- Oclocracia
Alguien quería saber si constituye una aportación de México al concepto clásico de la democracia la actitud de ciertos gobernantes, incapaces de reconocer que la tolerancia deja de ser virtud cuando se lleva a los extremos. Aludía a los profesionales de la política, que al asumir los cargos públicos para los que se aseguran por lapsos que varían de tres a seis años una mesada generosa, sin tener que devengarla de manera honesta y esforzada, como ordinariamente lo hace el ciudadano común, “protestan” solemnemente, para efectos protocolarios, “cumplir y hacer cumplir las leyes”... pero que, ya en la práctica, optan, los muy comodinos, por el “laissair faire, laissair passer” (dejar hacer, dejar pasar) de los franceses; o, para decirlo en mexicano, por “nadar de muertito”.
-II-
No. Ni se trata de una invención novedosa, ni —¡lástima, Margarito!— la patente es mexicana...
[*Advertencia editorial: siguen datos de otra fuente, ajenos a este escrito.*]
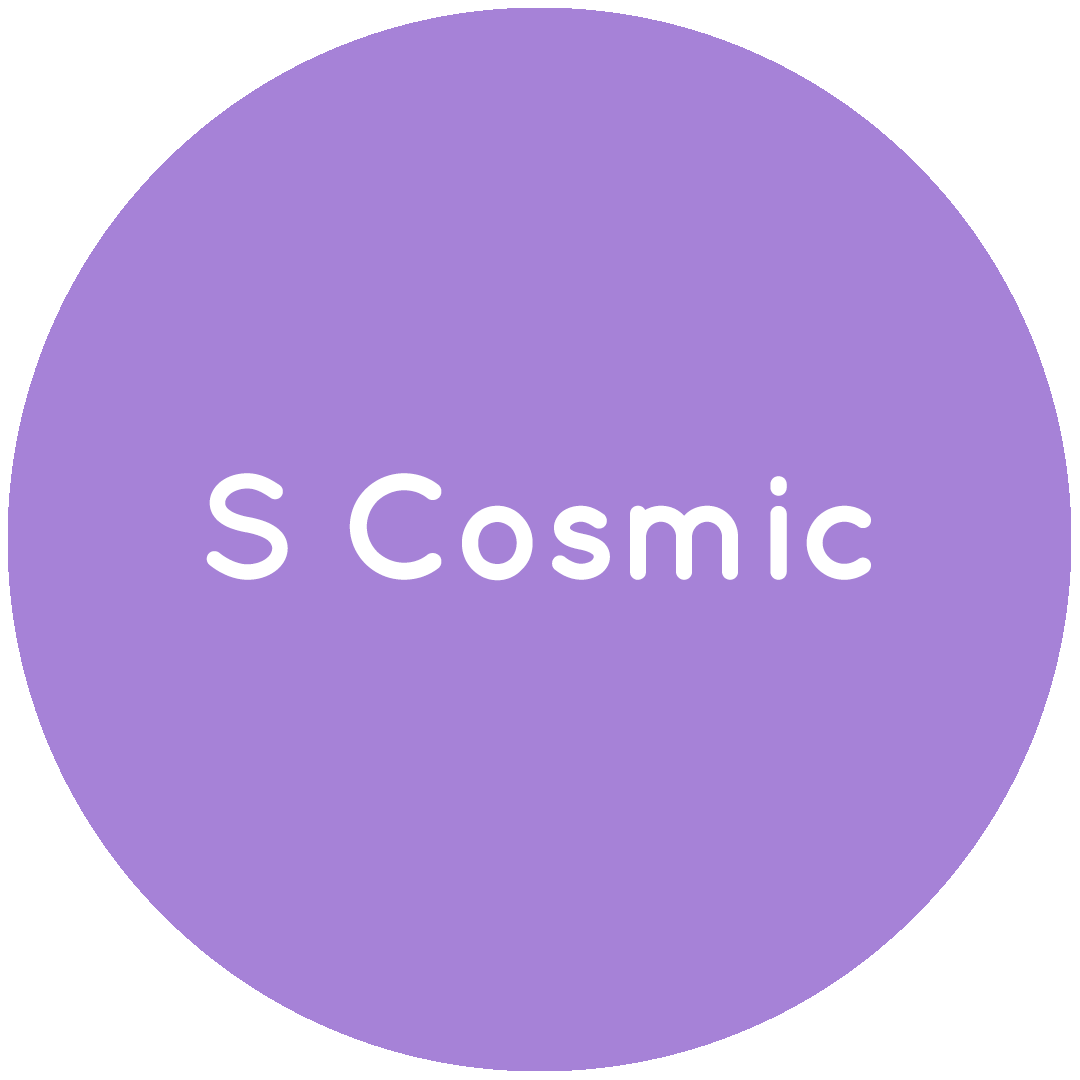 Purple circle with the text S Cosmic in white.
La invención es tan antigua como el vocablo “demagogia”. Polibio, historiador griego, planteó, 200 años antes de Cristo, “la tiranía de las mayorías incultas para obligar a los gobernantes a adoptar políticas o a tomar decisiones o establecer regulaciones desafortunadas”. Rousseau, en El Contrato social —piedra de toque del concepto moderno del Estado—, habla de “la degeneración de la democracia”. Ambos utilizan el término “oclocracia”, a la que el filósofo escocés McIntosh, ya en el Siglo XIX, define crudamente como “la tiranía de un populacho corrompido y tumultuoso” o como “el despotismo del tropel”... pero nunca como el gobierno del pueblo, entendido como el consenso de la opinión pública con respecto a situaciones concretas.
-III-
Ejemplos de oclocracia, a lo largo de la historia, hay muchos. Uno de los más clásicos, el “¡Crucificadle!” de la turba que se pronunció, en Jerusalén, hace dos mil años, a favor de la crucifixión de un justo. Uno de los más socorridos, el de los árbitros de futbol que condensan su conocimiento de las reglas y su criterio para aplicarlas, en una sola máxima: “En las claras, lo que es; en las dudosas, a favor del público”. Y uno muy tapatío —y de rabiosa actualidad, además—, la actitud pusilánime de la autoridad municipal ante el fenómeno del ambulantaje en el Centro Histórico de Guadalajara, así como sus tronantes declaraciones de que “ahora sí” va en serio la aplicación de la ley.
(Los vasallos de los reinos en que se cultiva, modernamente, la oclocracia, saben muy bien, por cierto, aquello de “Perro que ladra...”).